Snap Inc. (SNAP) - Get Report shares could shed more than $3 billion in value at the start of trading Wednesday after CEO Evan Spiegel said the group may need to completely re-think its messaging app design after a disastrous third quarter earnings report that has investors questioning its much-hyped decision to go public earlier this year.

Snap posted a loss of 14 cents a share in the three months ending in September while revenues, the bulk of which come from selling ads, did rise 61% to $208 million, but even that figure trailed analysts' estimates of $237 million.
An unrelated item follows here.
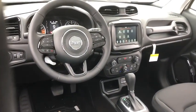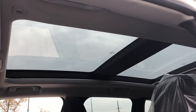This isn't just a vehicle, it's an experience. So stop in for a test drive today.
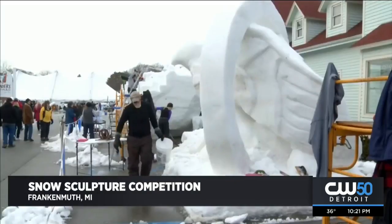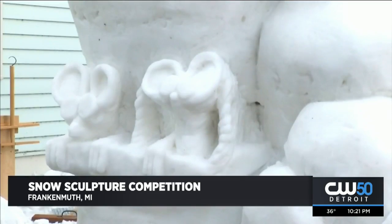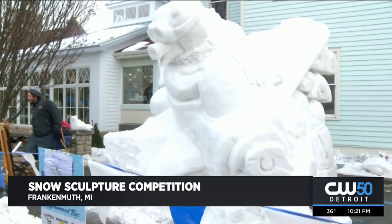They're all a part of a massive snow sculpture competition over in Frankenmuth. One of the largest on display is the Wilbur the Flying Pig, whose size can rival a house.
Revenues per user, a key metric for the group, increased to $1.17 but again fell shy of the Street consensus of $1.30.

The dispiriting numbers -- not to mention the stock's 48% decline since its post-IPO peak -- were not lost on the company's founders, including Spiegel, who essentially pledged a hard re-set of the hard-to-use app which is slowly losing the hold it once had on the imagination of users and investors alike.

"The one thing that we have heard over the years is that Snapchat is difficult to understand or hard to use, and our team has been working on responding to this feedback," Spiegel told investors on a conference call late Tuesday. "As a result, we are currently redesigning our application to make it easier to use."

TST Recommends

"There is a strong likelihood that the redesign of our application will be disruptive to our business in the short term, and we don't yet know how the behavior of our community will change when they begin to use our updated application," he added. "We're willing to take that risk for what we believe are substantial long-term benefits to our business."
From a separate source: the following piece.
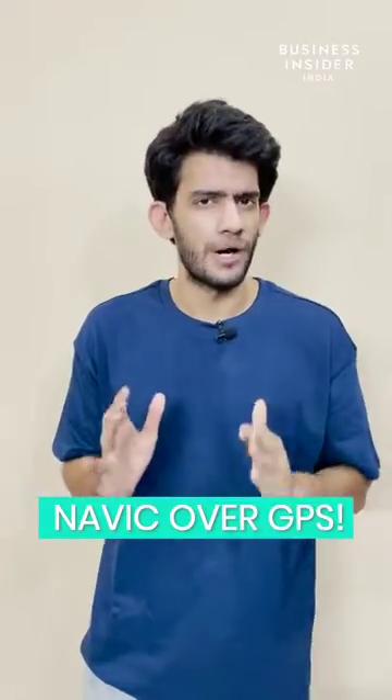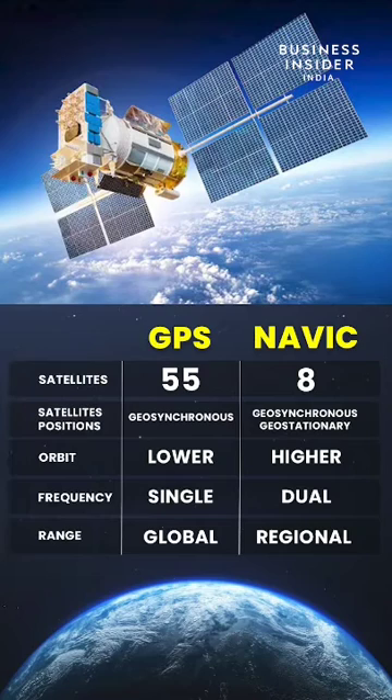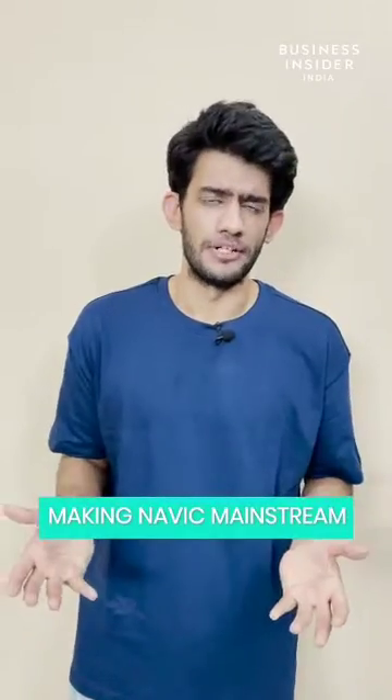NAVIC has some advantages over GPS. As of today, there are 55 satellites for GPS and 8 for NAVIC, but our satellites are at a higher orbit and use dual frequency bands, making it more accurate. And yet, we don't hear much about it.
As TheStreet's founder, Jim Cramer noted, Snap's problems aren't only limited to its hard-to-grasp interface.

Snap's third quarter miss was also, at least in part, linked to a switch in its business structure that has the Venice, Calif.-based group moving to a digital auction platform for ad sales -- similar to those used by Google (GOOGL) - Get Report and Facebook (FB) - Get Report -- that will reduce prices in the short term for more scalability going forward.

The group also booked a $40 million charge linked to a heap of unsold 'Snap Spectacles', which had an inbuilt camera, that were launched with much fanfare earlier this year and failed to take off.

Swiss investment bank UBS AG (UBS) - Get Report clipped its price target for Snap to $7 a share in a research note entitled: SNAP Crackle Flop - Scaling Users & Ad Business Proves Challenging. JPMorgan also reduced its view on Snap to underweight with a price target of $10 per share.

Snap shares were marked 20.6% lower in pre-market trading in New York, indicating and opening price of $12 each at the start of trading Wednesday. That would hive around $3.25 billion from the company's market cap which, at the peak of its post-IPO trading -- $29.44 -- was valued at $33 billion.